-- RECORDS FOR THE TASK follows --

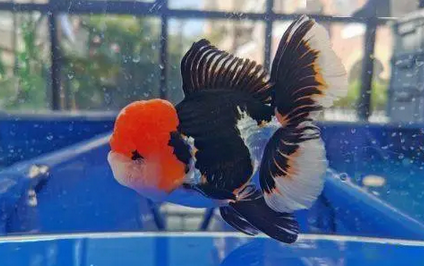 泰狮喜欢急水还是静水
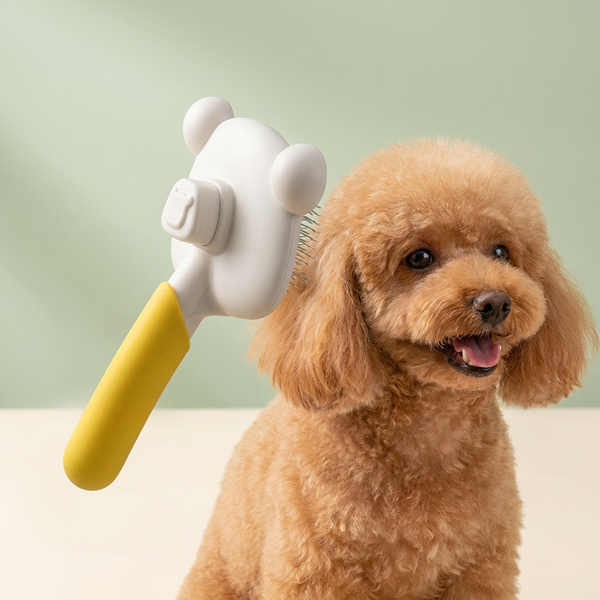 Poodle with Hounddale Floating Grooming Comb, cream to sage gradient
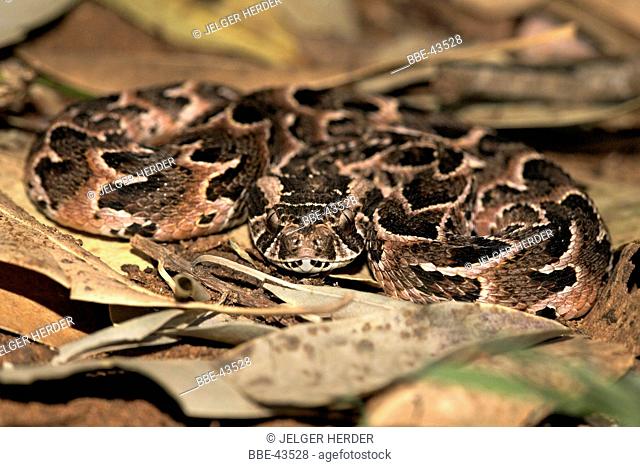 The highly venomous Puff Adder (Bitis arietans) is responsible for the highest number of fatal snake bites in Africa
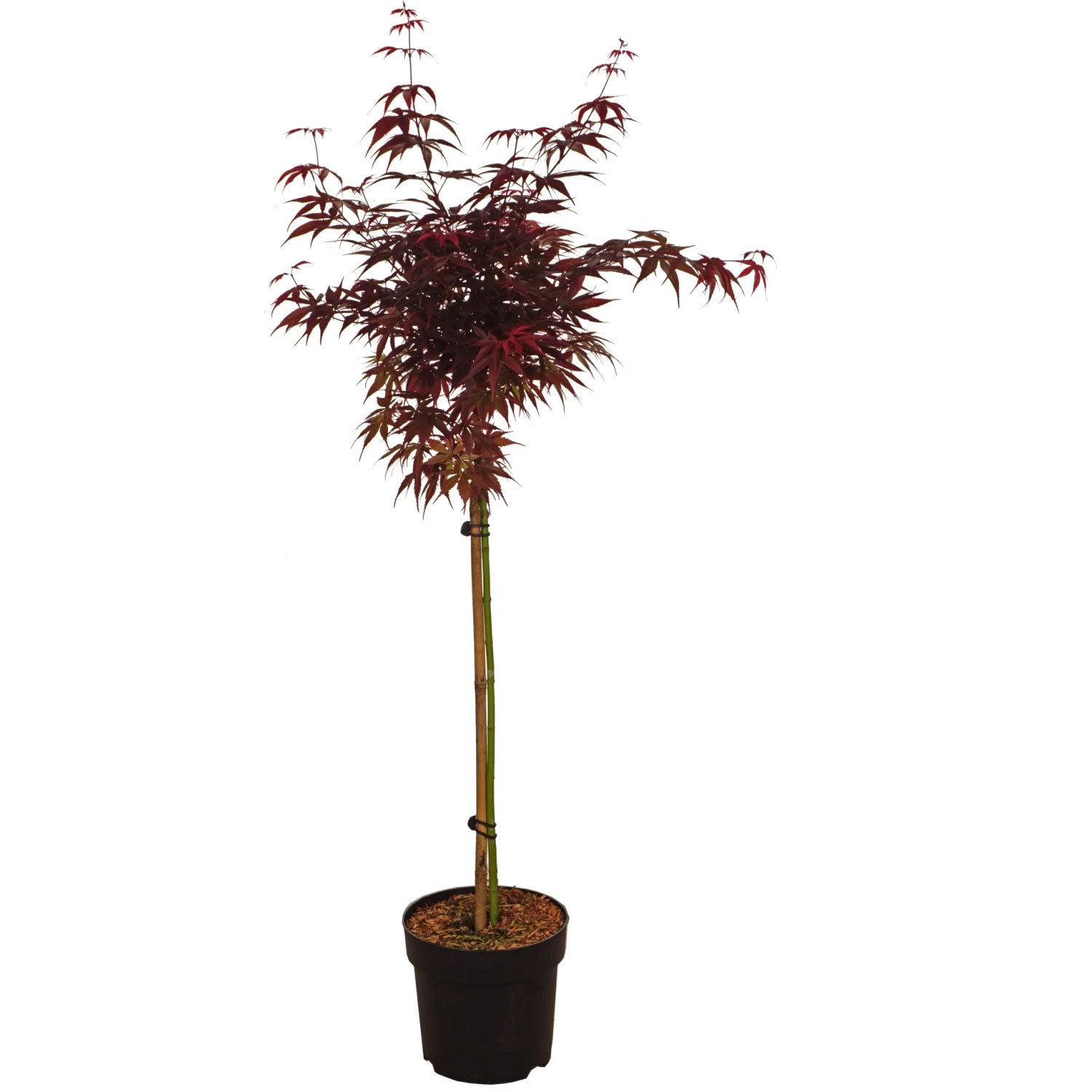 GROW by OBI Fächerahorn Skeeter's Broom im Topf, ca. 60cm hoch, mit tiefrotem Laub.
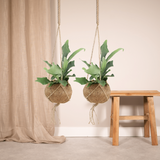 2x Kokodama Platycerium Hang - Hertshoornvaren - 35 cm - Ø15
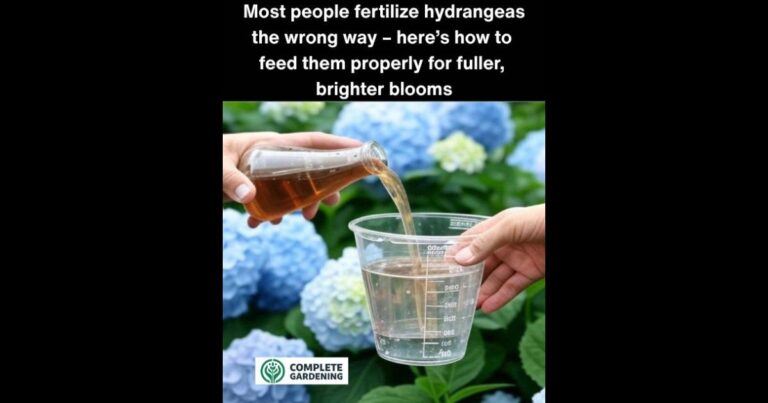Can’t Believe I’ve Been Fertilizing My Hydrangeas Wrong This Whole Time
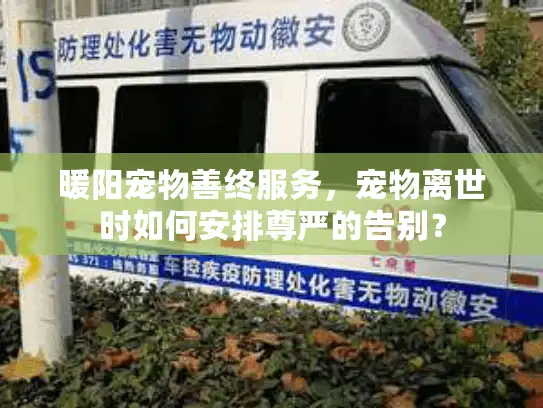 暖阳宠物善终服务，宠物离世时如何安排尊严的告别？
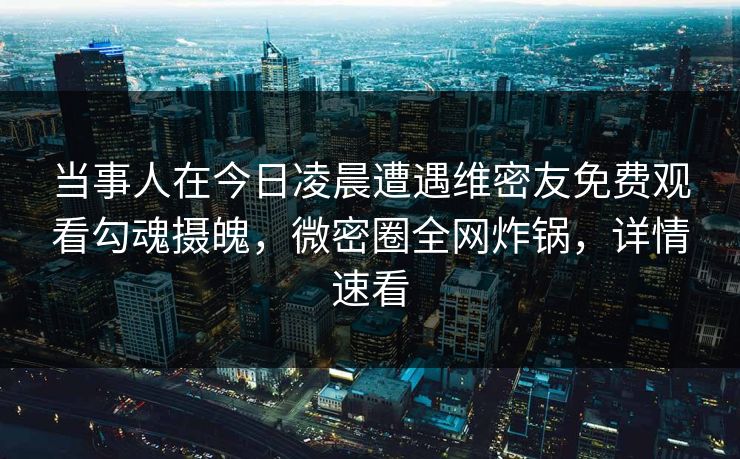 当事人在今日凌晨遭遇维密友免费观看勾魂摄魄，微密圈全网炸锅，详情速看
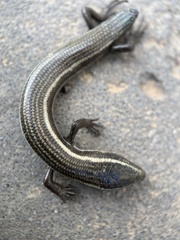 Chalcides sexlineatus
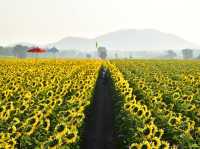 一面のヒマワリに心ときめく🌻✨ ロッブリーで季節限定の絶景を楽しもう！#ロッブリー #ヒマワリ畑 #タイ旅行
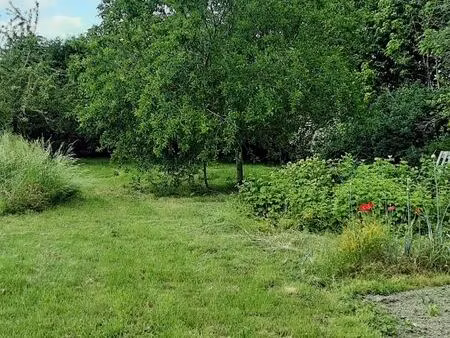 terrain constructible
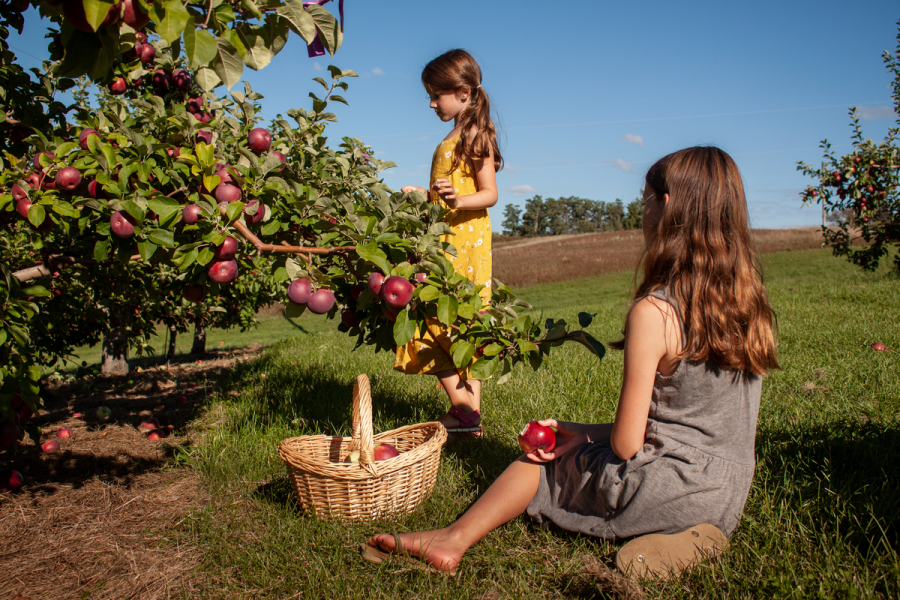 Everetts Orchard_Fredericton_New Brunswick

-- RECORDS FOR THE TASK concluded --

ASSIGNED TASK: Only the lines from the one containing "暖阳宠物善终服务，宠物离世时如何安排尊严的告别？" through the end of the data above are to be output, exactly and without pictures.

RESULT:
 暖阳宠物善终服务，宠物离世时如何安排尊严的告别？
 当事人在今日凌晨遭遇维密友免费观看勾魂摄魄，微密圈全网炸锅，详情速看
 Chalcides sexlineatus
 一面のヒマワリに心ときめく🌻✨ ロッブリーで季節限定の絶景を楽しもう！#ロッブリー #ヒマワリ畑 #タイ旅行
 terrain constructible
 Everetts Orchard_Fredericton_New Brunswick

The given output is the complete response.